The central thesis of her book is that the Army is “revisionist”. She amplifies, “The strategic culture of the Pakistan Army encompasses the collectivity of its corporate beliefs, values, and norms as well as the accumulating weight of its historical experiences. Taken together, the army’s strategic culture serves as a lens through which the Pakistan Army understands its (domestic and foreign) security environments, formulates appropriate responses to these challenges, and ultimately makes decisions about which options are most suitable to these threats as the army understands them.

“Unlike some armies that primarily concern themselves with external security challenges, the Pakistan Army also involves itself in managing domestic affairs of the state. This means that in the strategic culture of the Pakistan Army there is an inherent linkage between internal and external security challenges. This primarily occurs because the Pakistan Army sees itself as responsible for protecting not only Pakistan’s territorial frontiers but also its ideological frontiers….”

Her assertions, she adds, rest on proof. “Having read decades of the military’s professional publications and accounts of senior officers, I conclude that the army’s strategic culture shapes the way the Pakistan Army understands the kinds of threats it faces from Afghanistan and India; informs the particular ways that the army understands its principal foe, India; suffuses its conflicts within and beyond Pakistan’s borders with various mobilisations of Islam; and influences the tools that Pakistan has developed to manage its varied security challenges within Pakistan itself and in South Asia.”

Such literature, redolent of self-glorification, is not always a dependable guide. How wide off the mark Christine Fair is on a fundamental, the Kashmir dispute, emerges from this plaint. “Pakistan does point to India’s larger and growing military capability as evidence of India’s intentions toward Pakistan. India’s capabilities do warrant appropriate defensive investments. Curiously, while Pakistan could have framed its demands for Kashmir within the rubrics of water security and defensibility of its terrain, it has not done so with few recent exceptions.” (Gen. Ashfaq Parvez Kayani’s emphasis in 2010 on water as a source of conflict.) Lack of even a slight familiarity with the record on Kashmir is evident. The dispute, which arose before the one on the waters, centred on plebiscite (1947-1960). Every military dictator offered an olive branch. In 1960, Ayub Khan virtually abandoned the demand for plebiscite and suggested exploration of alternatives to it. In 1981, Zia offered a no-war pact and Pervez Musharraf arrived at an understanding with Manmohan Singh on the famous four points. A formidable record for the “revisionist”.

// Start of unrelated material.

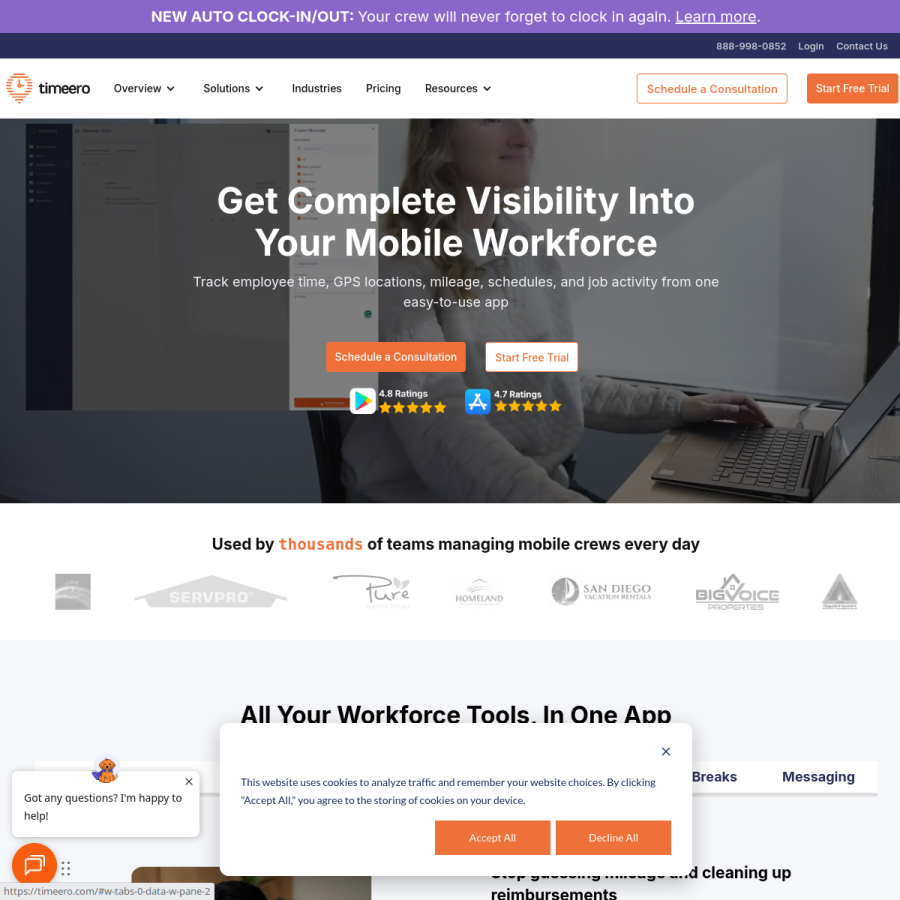 timeero.com homepage screenshot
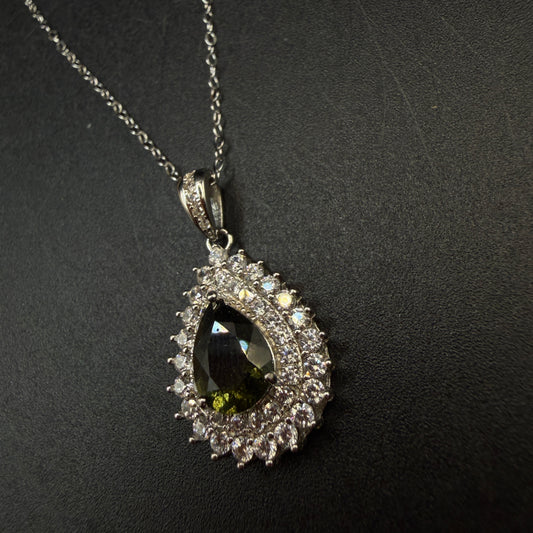 Moldavite Teardrop Certified S925 Necklace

It is surely puerile to assert that, as with Junagadh, “Pakistani maps still lay claim to Hyderabad”. It is one thing not to recognise its accession to India after the Police Action; quite another to “lay claim to it,” which Pakistan never has. This is perfectly understandable in one who seriously believes that “at the root of its [Pakistan’s] revisionism is not security but rather deep ideological commitments that predate the independence of the State”. Such consistency is all too rare. Apparently, then, Jinnah was as Islamist as Zia. The author’s sweeping conclusions, so confidently delivered, never cease to amuse even as her documentation is impressive.